Con una nota pubblicata il 18 maggio 2021, il Ministero del Lavoro e delle Politiche Sociali ricorda che la comunicazione di smart working deve essere eseguita esclusivamente utilizzando l’applicativo informatico disponibile sul sito del Dicastero.

1. COMUNICAZIONE

L’accordo, tra lavoratore e datore di lavoro, riguardante lo svolgimento del lavoro agile, è soggetto a comunicazione obbligatoria.

L’unica modalità di trasmissione concessa per la comunicazione, è rappresentata dall’utilizzo della piattaforma informatica.

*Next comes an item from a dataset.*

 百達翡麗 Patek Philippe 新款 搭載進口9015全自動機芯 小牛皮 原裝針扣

Il Ministero ricorda che l’accesso ai servizi digitali disponibili sul portale Servizi Lavoro è consentito unicamente :

  • tramite SPID, di tipo personale,
  • tramite CIE.

Ricordiamo che a partire dal 15 novembre 2017, le aziende sottoscrittrici di accordi individuali di smart working possono procedere al loro invio attraverso l’apposita piattaforma informatica; nell’invio dell’accordo individuale dovranno essere indicati i dati:

  • del datore di lavoro, 
  • del lavoratore, 
  • della tipologia di lavoro agile e della sua durata.Le aziende che sottoscrivono un numero di accordi individuali elevato potranno effettuare la comunicazione in forma massiva.

2. NORMATIVA

Come previsto dal Decreto Riaperture, fino al 31 luglio 2021, le modalità di comunicazione del lavoro agile restano quelle previste dall’art. 90, commi 3 e 4, del D.L. 19 maggio 2020, n. 34, convertito in L. n. 77 del 17 luglio 2020, n. 77, utilizzando la procedura semplificata già in uso, con modulistica e applicativo informatico resi disponibili dal Ministero del Lavoro e delle Politiche Sociali.

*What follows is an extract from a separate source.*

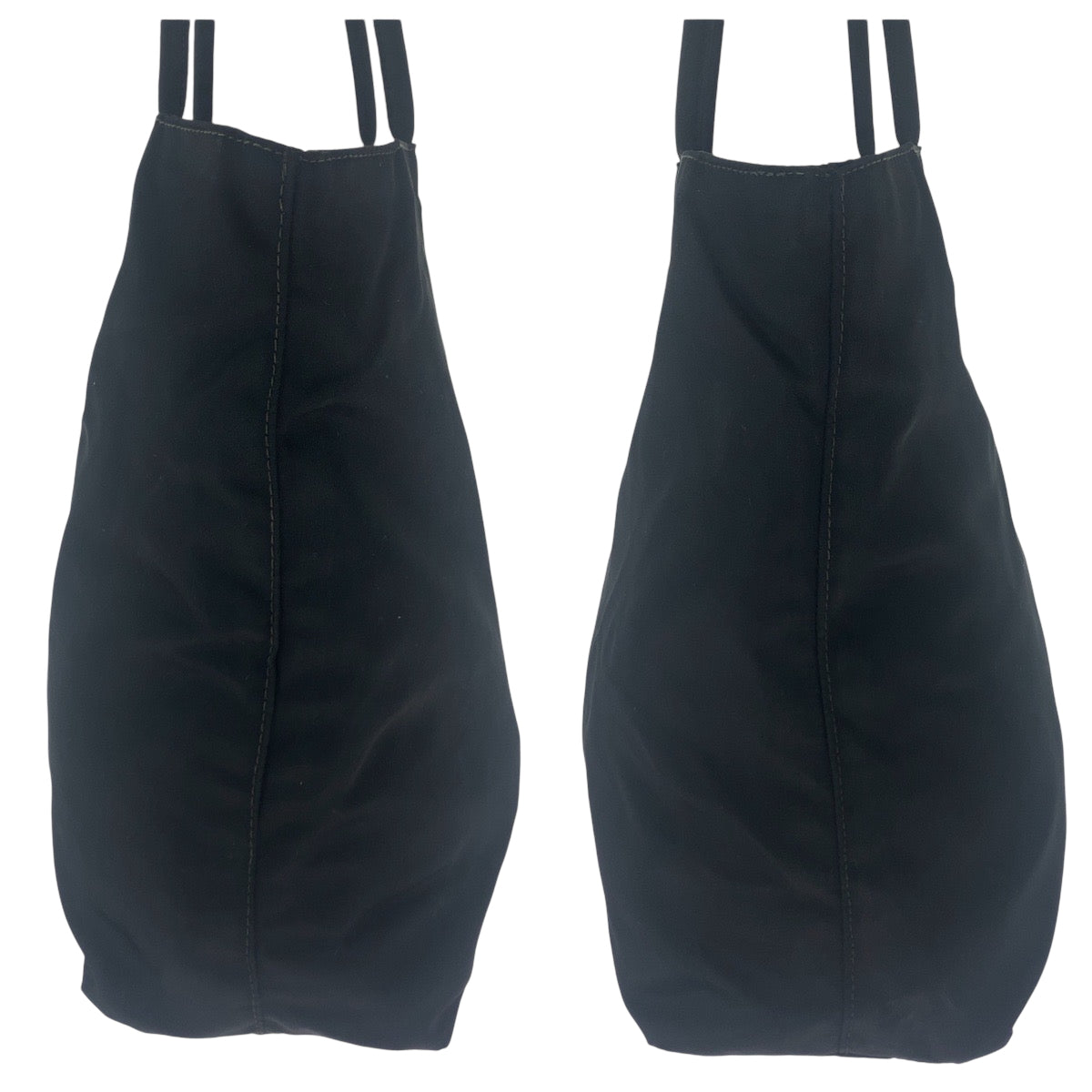 PRADA Tote Bag Nylon Black SilverMetal Test Triangle With logo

Nello specifico, il Presidente del Consiglio dei Ministri ha emanato il Decreto che interviene sulle modalità di accesso allo smart working, confermate poi dalle successive disposizioni introdotte per far fronte all’emergenza.Anche il DPCM del 2 marzo 2021 raccomanda il massimo utilizzo della modalità di lavoro agile per le attività che possono essere svolte al proprio domicilio o in modalità a distanza.

3. IL LAVORO AGILE

Il lavoro agile è una modalità di esecuzione del rapporto di lavoro subordinato caratterizzato dall’assenza di vincoli orari o spaziali e un’organizzazione per fasi, cicli e obiettivi, stabilita mediante accordo tra dipendente e datore di lavoro.

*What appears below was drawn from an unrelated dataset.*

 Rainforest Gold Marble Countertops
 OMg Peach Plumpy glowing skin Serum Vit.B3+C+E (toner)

Si pone, quindi, l’accento sulla flessibilità organizzativa, sulla volontarietà delle parti che sottoscrivono l’accordo individuale e sull’utilizzo di strumentazioni che consentano di lavorare da remoto.

Ai lavoratori agili viene garantita la parità di trattamento rispetto ai loro colleghi che eseguono la prestazione con modalità ordinarie; quindi, è prevista la loro tutela in caso di infortuni e malattie professionali.